Michele Lamprakos holds a joint appointment in the Historic Preservation and Architecture Programs. Trained as an architect and an historian, she is interested in the historical layers of buildings and cities. Her geographical focus is the Middle East and the Mediterranean world. Professor Lamprakos began her career as a development worker in Egypt, where she managed a project to revive the cottage silk industry in the Nile Delta. Through this work she developed a deep interest in material culture and the role it can play in transforming people's lives. This led her to the study of architecture and later, urban history and conservation.
Professor Lamprakos’ career has combined teaching, research, and practice in architecture and preservation. Publications include Building a World Heritage City (Ashgate, forthcoming 2015), a study of conservation and building practice in Sana’a, Yemen. She has co-organized two international symposia: “Heritage and the Arab Spring” (Freer Gallery of Art, February 2014); and "Conserving the City: Critical History and Urban Conservation” (University of Pennsylvania, April 2012). The proceedings of the latter were published in a special issue of Change over Time (University of Pennsylvania Press, April 2014), with Professor Lamprakos as guest editor. Her current research on the Great Mosque of Cordoba looks at the changing fabric and meaning of the building through the centuries: as Catholic cathedral, historic monument, and symbol of the Islamic past in Spain.

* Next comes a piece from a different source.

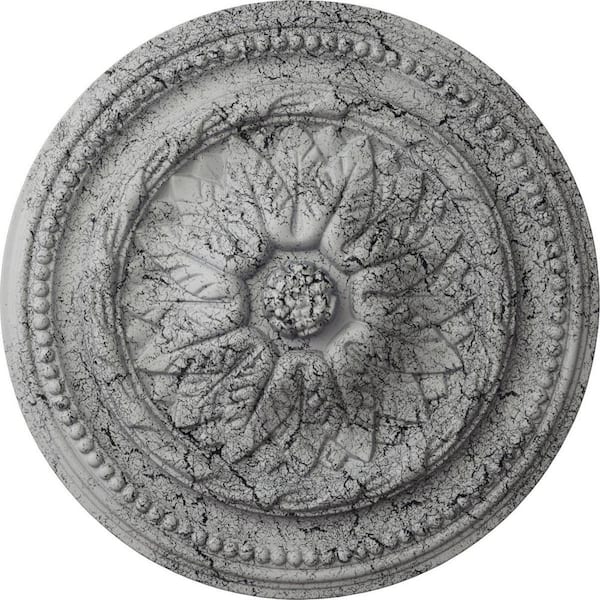 Ekena Millwork 2-1/4 in. x 16 in. x 16 in. Polyurethane Wigan Ceiling Medallion, Ultra Pure White Crackle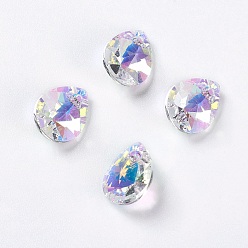 Crystal AB Faceted K9 Glass Rhinestone Charms, Imitation Austrian Crystal, Drop, Crystal AB, 10x8x4.5mm, Hole: 1.2mm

Professor Lamprakos has taught at the University of Pennsylvania, Duke University, the Maryland Institute College of Art, and Philadelphia University. Courses have included studios and seminars in architectural design, urban history, adaptive reuse, and preservation. Her professional work has included design and preservation for buildings that range in scale from federal properties and tobacco warehouses to prewar single-family homes. She has worked closely with building trades on site, and has been involved in various aspects of construction management; this nurtured an interest in the various types of knowledge and practice that shape the built environment. She is owner of PALIMPSEST LLC, a design and consulting firm that focuses on older buildings and sites. Recent work includes Technical Review for the Aga Khan Award for Architecture (2010 and 2013 Award cycles).